■ To do
Please write out all of the entries without altering anything.

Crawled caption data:
[Start of section]

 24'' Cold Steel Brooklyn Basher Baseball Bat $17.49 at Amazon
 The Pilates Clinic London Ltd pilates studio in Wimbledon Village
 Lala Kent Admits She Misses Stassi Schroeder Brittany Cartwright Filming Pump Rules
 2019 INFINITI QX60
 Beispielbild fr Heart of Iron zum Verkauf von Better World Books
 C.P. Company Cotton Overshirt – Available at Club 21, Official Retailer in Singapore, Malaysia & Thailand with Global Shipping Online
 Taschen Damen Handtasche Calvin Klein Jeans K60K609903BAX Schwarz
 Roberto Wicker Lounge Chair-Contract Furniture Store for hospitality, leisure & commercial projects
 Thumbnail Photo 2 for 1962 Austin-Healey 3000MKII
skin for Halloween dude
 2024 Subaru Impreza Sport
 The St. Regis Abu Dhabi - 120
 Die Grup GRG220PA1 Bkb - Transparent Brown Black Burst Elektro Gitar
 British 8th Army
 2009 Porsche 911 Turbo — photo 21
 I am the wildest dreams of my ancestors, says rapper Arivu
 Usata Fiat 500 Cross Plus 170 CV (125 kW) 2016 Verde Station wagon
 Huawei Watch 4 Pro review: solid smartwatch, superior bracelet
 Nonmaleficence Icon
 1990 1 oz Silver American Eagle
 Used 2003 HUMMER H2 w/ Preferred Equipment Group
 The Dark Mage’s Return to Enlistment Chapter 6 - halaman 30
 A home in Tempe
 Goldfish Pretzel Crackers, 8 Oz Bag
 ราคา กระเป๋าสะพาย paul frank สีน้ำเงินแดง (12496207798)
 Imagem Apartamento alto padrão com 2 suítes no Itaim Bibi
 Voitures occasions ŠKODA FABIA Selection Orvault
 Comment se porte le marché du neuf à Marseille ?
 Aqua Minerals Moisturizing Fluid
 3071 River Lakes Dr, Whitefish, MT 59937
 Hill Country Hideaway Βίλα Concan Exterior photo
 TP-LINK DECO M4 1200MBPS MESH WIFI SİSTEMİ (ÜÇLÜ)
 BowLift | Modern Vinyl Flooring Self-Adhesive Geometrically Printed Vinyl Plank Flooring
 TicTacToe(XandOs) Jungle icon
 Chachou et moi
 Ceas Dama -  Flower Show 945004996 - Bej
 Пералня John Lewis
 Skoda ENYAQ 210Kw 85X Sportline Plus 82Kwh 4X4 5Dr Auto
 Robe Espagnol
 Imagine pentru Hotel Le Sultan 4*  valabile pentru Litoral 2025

[End of section]

■ Exercise solution
 24'' Cold Steel Brooklyn Basher Baseball Bat $17.49 at Amazon
 The Pilates Clinic London Ltd pilates studio in Wimbledon Village
 Lala Kent Admits She Misses Stassi Schroeder Brittany Cartwright Filming Pump Rules
 2019 INFINITI QX60
 Beispielbild fr Heart of Iron zum Verkauf von Better World Books
 C.P. Company Cotton Overshirt – Available at Club 21, Official Retailer in Singapore, Malaysia & Thailand with Global Shipping Online
 Taschen Damen Handtasche Calvin Klein Jeans K60K609903BAX Schwarz
 Roberto Wicker Lounge Chair-Contract Furniture Store for hospitality, leisure & commercial projects
 Thumbnail Photo 2 for 1962 Austin-Healey 3000MKII
skin for Halloween dude
 2024 Subaru Impreza Sport
 The St. Regis Abu Dhabi - 120
 Die Grup GRG220PA1 Bkb - Transparent Brown Black Burst Elektro Gitar
 British 8th Army
 2009 Porsche 911 Turbo — photo 21
 I am the wildest dreams of my ancestors, says rapper Arivu
 Usata Fiat 500 Cross Plus 170 CV (125 kW) 2016 Verde Station wagon
 Huawei Watch 4 Pro review: solid smartwatch, superior bracelet
 Nonmaleficence Icon
 1990 1 oz Silver American Eagle
 Used 2003 HUMMER H2 w/ Preferred Equipment Group
 The Dark Mage’s Return to Enlistment Chapter 6 - halaman 30
 A home in Tempe
 Goldfish Pretzel Crackers, 8 Oz Bag
 ราคา กระเป๋าสะพาย paul frank สีน้ำเงินแดง (12496207798)
 Imagem Apartamento alto padrão com 2 suítes no Itaim Bibi
 Voitures occasions ŠKODA FABIA Selection Orvault
 Comment se porte le marché du neuf à Marseille ?
 Aqua Minerals Moisturizing Fluid
 3071 River Lakes Dr, Whitefish, MT 59937
 Hill Country Hideaway Βίλα Concan Exterior photo
 TP-LINK DECO M4 1200MBPS MESH WIFI SİSTEMİ (ÜÇLÜ)
 BowLift | Modern Vinyl Flooring Self-Adhesive Geometrically Printed Vinyl Plank Flooring
 TicTacToe(XandOs) Jungle icon
 Chachou et moi
 Ceas Dama -  Flower Show 945004996 - Bej
 Пералня John Lewis
 Skoda ENYAQ 210Kw 85X Sportline Plus 82Kwh 4X4 5Dr Auto
 Robe Espagnol
 Imagine pentru Hotel Le Sultan 4*  valabile pentru Litoral 2025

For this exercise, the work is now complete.